Review of PERFUME: THE STORY OF A MURDERER

December 18, 2008



The movie is set in 18th century France. It opens with the shadowed face of a man with the spotlight specifically on his nose. As the movie continued, this was the story of a special man named Jean-Baptiste Grenouille, who had a very acute and well-developed olfactory sense. The movie follows Grenouille from his miserable birth in a Paris marketplace, childhood in an orphanage, teenage years in a tannery, then back to cacophonous Paris and finally to the quiet perfume town Grasse.

In Paris, he was attracted by the scent of a pretty redheaded girl selling plums, but this encounter had an unfortunate end. So this sparked in him an obsession on how to capture and preserve the essential scent of women. It depicts his discovery that he has no scent of his own, his insatiable grisly quest for the perfect scent that propels him into a series of murders of young beautiful women; and the incredible irresistible power this scent has on people. You won't believe your eyes in the scenes showing what happened to the crowd who caught under the spell of this enchanting scent. 

The story borders on grotesque, and the whole movie really teeters on that edge.
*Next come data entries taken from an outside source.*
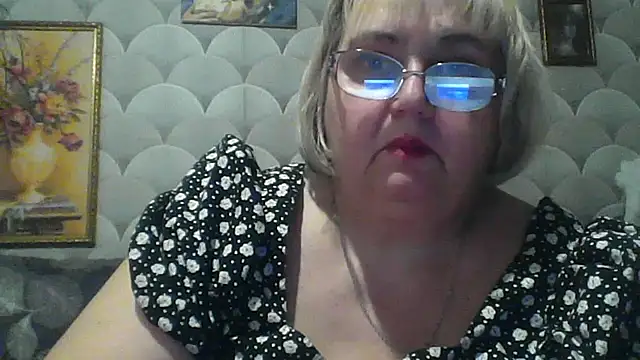 MarinaFarina53 online show from 06.13.26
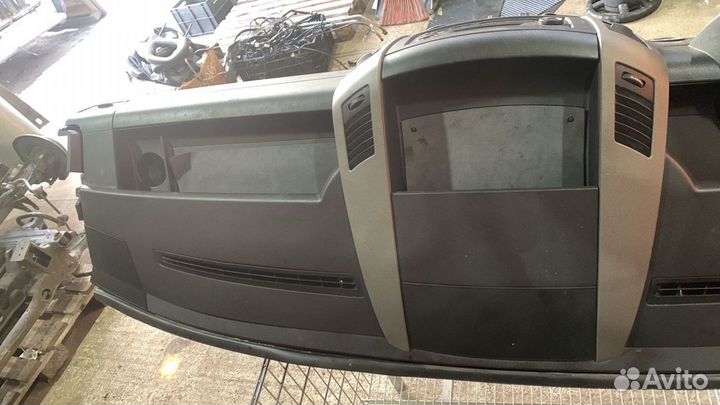 Торпеда Crafter Sprinter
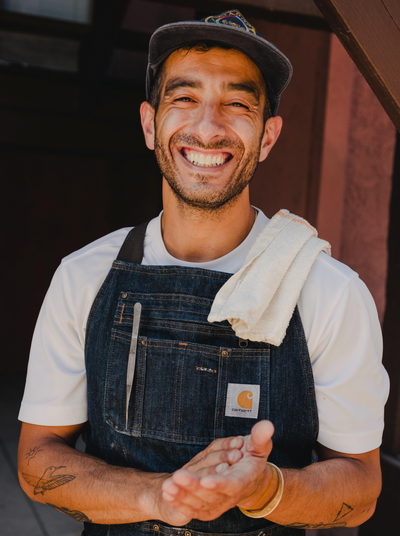 Nowruz with Homa: A Persian New Year Celebration Reimagined at Highly Likely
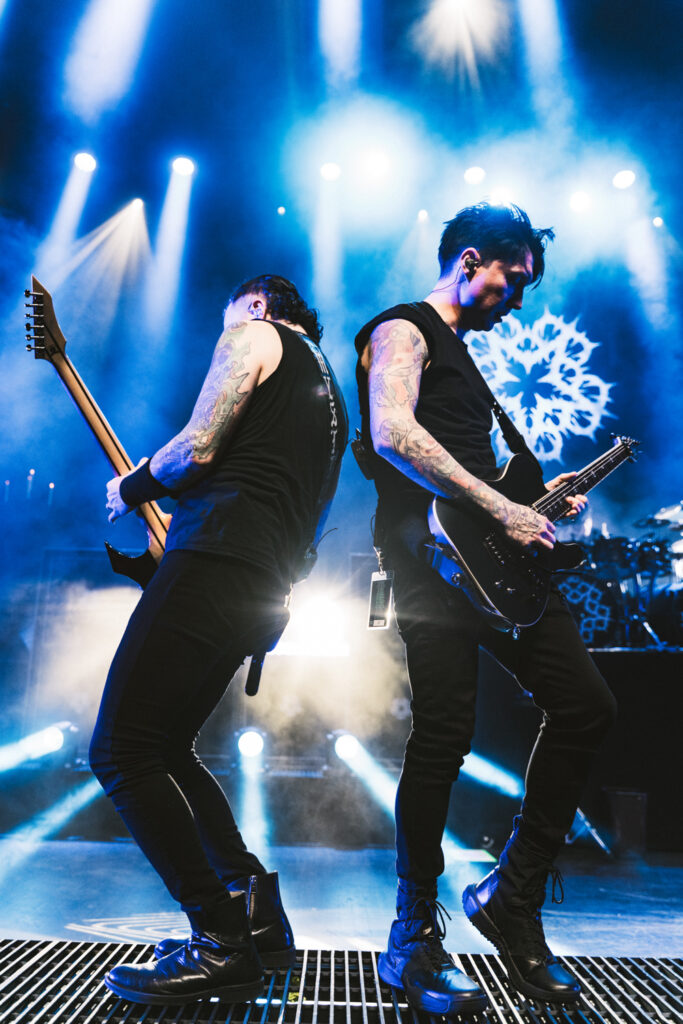 BLACK VEIL BRIDES_AMI NICOLE ACRONYM @ ACRONYMIS_9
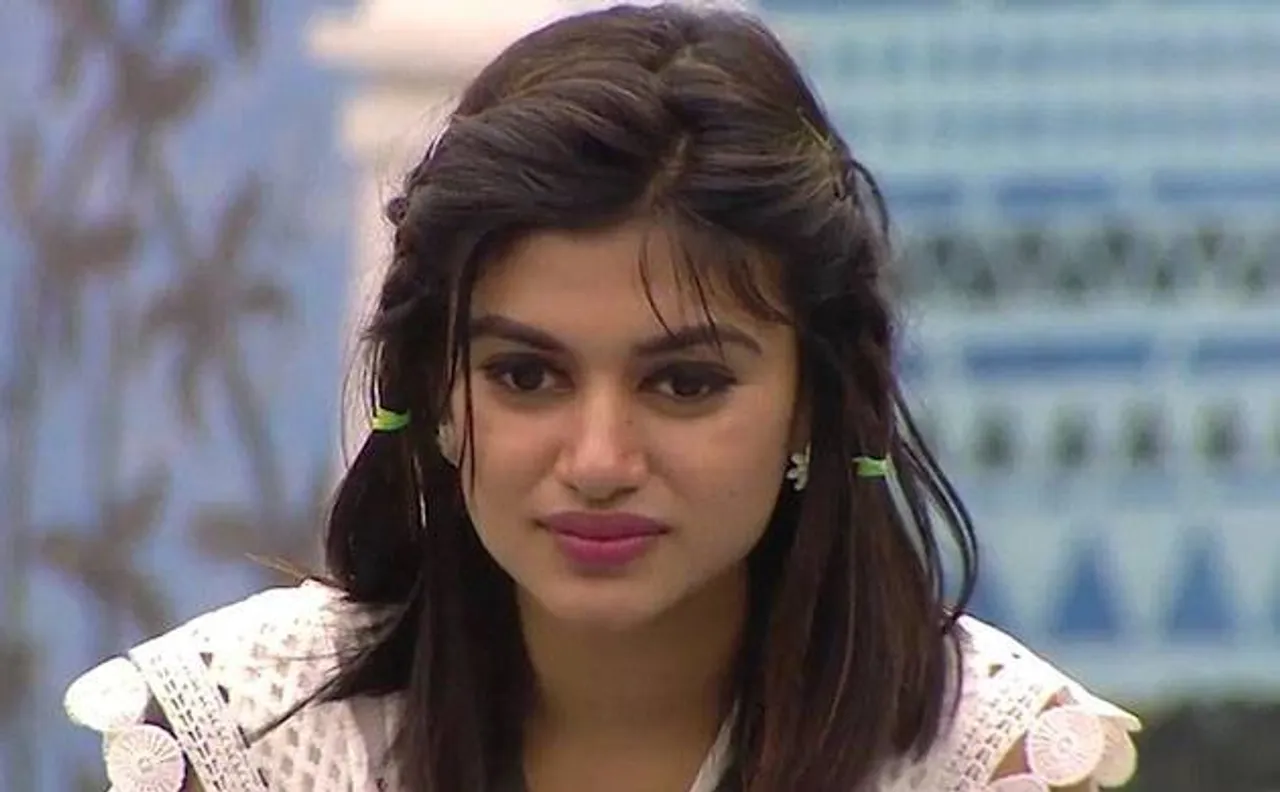 Bigg Boss Tamil: Oviya nominated for ELIMINATION; here's how you can save her 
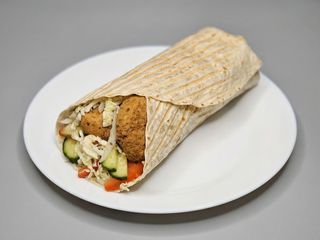 Falafel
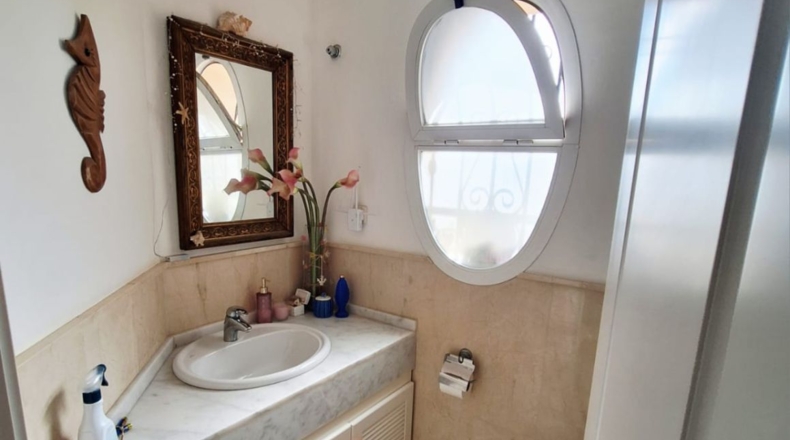 Málaga - Mijas - 255m2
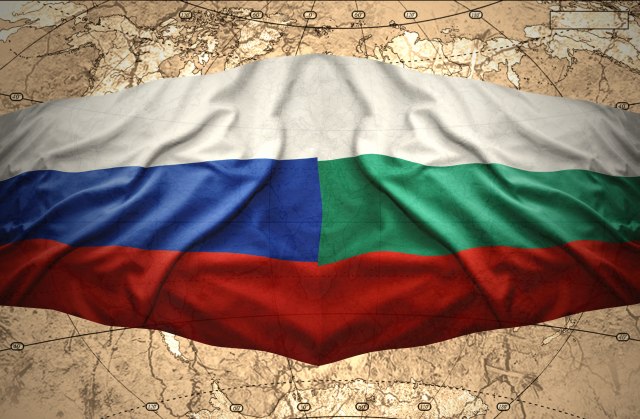 "Bugarska je epicentar špijunskih skandala protiv Rusije"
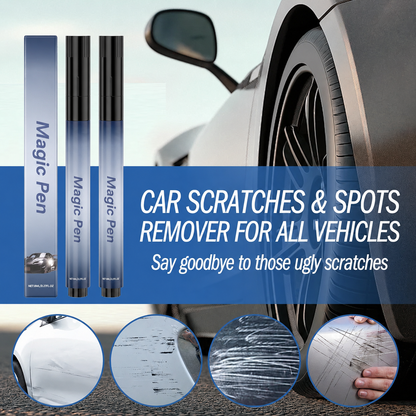 Magic Car Scratch Removal Pen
The realistic nature of the set design, cinematography and editing set this above the formulaic massacre movie. There are only two recognizable actors, Dustin Hoffman as the Italian perfumer who taught our protagonist his trade, and Alan Rickman, who played the father of thirteenth and final girl he was stalking. But they, along the rest of the generally unknown cast, especially Ben Whishaw, as the flawed main character, really get into the very fiber of the strange story and they deliver the goods.

I commend the director Tom Tykwer for his vision. In "Perfume," Tykwer had the seemingly impossible challenge of interpreting a world of smells and odors onto the silver screen. With his effective use of rich imagery and color, what is fragrant was clearly distinguished from the putrid. (The only other film of Tykwer I had seen before was the amazing "Run Lola Run." I believe he has an upcoming more mainstream action film entitled "The International" starring Clive Owen and Naomi Watts.)

Granted this movie is not for everyone. You would need a strong stomach to make it though the film. Yet the journey of this film will draw you in to join Grenouille in his quest. The ending may be less than what you would expect given the build-up. The fate of Grenouille at the end of the movie was the one big question mark for me. I would really like how that scene was written in the book. I felt something got lost in the translation of the word to images.